Objectives: The overarching goal of our Autism Speaks PACT initiative is to improve the early phases of medicines discovery and development for treating autism spectrum disorder.  In vivo approaches were sought to validate mechanistic targets, speed the discovery of viable new medications, and increase the success rate of clinical trials for the diagnostic symptoms of autism. Specific objectives: (1) Identify mouse and rat lines with mutations in the same gene to provide cross-species corroboration; (2) Design assays relevant to the diagnostic and associated symptoms of autism spectrum disorder for relatively high-throughput analysis of symptom reversals by pharmacological treatments; (3) Replicate studies within and across sites to maximize the robustness and reliability of findings.

Methods:  (a) We first considered the full range of available mouse and rat models of autism with mutations in the same gene.  The two-species approach became feasible through the newly available knockout rats generated by Sage Research Labs with support from Autism Speaks.  (b) We next considered which well-validated rodent behavioral assays maximize face validity to the diagnostic and associated symptoms of autism.  (c) We then considered the strength of biochemical, neuroanatomical, and physiological biomarkers in the literature, to identify rodent biological assays with maximal construct validity and feasibility.  External academic and industry colleagues contributed advice.

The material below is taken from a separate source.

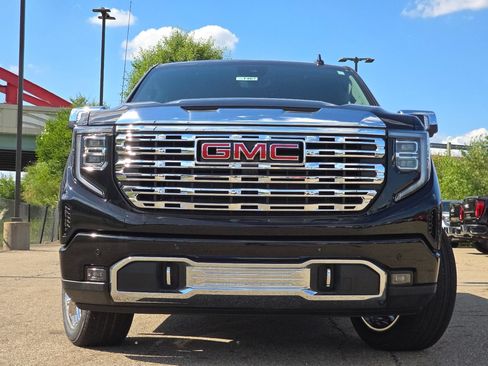 New 2026 GMC Sierra 1500 Denali w/ Denali Reserve Package AWD/4WD image 18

Results: (a) Based on published phenotypes of all mouse mutant models in which rat mutant models are also available, the initial four models we selected are Cntnap2, Shank3, Pten and Fmr1.  (b) Behavioral assays selected include social approach, reciprocal social interactions with associated ultrasonic vocalizations, exploration of social olfactory cues, spontaneous motor stereotypies, repetitive behaviors, water T-maze reversal, open field exploration, elevated plus-maze, light/dark transitions, acoustic startle and prepulse inhibition, hot plate, novel object recognition, and contextual and cued fear conditioning.  Protocols and order of behavioral tests follow the same fixed sequence in both mice and rats, and are conducted across developmental ages. (c) Global physiological analyses were selected as feasible, relevant in vivo biomarkers, including EEG epileptiform and gamma oscillations, and telemetry for sleep patterns and circadian rhythms.  Preliminary behavioral and physiological data will be presented for the Cntnap2 model.

Conclusions:  The PACT initiative has defined a strong set of standardized behavioral and physiological assays to evaluate potential new medicines targeting synaptic pathophysiology associated with mutations in risk genes for autism.  Internal replications within each species, and corroborations across two species, have been designed to provide an unprecedented level of reliability.  Our platform will be made available to industrial partners to advance novel medicines with the aim of expanding and improving the pipeline from preclinical evaluation of synaptic targets to clinical trials.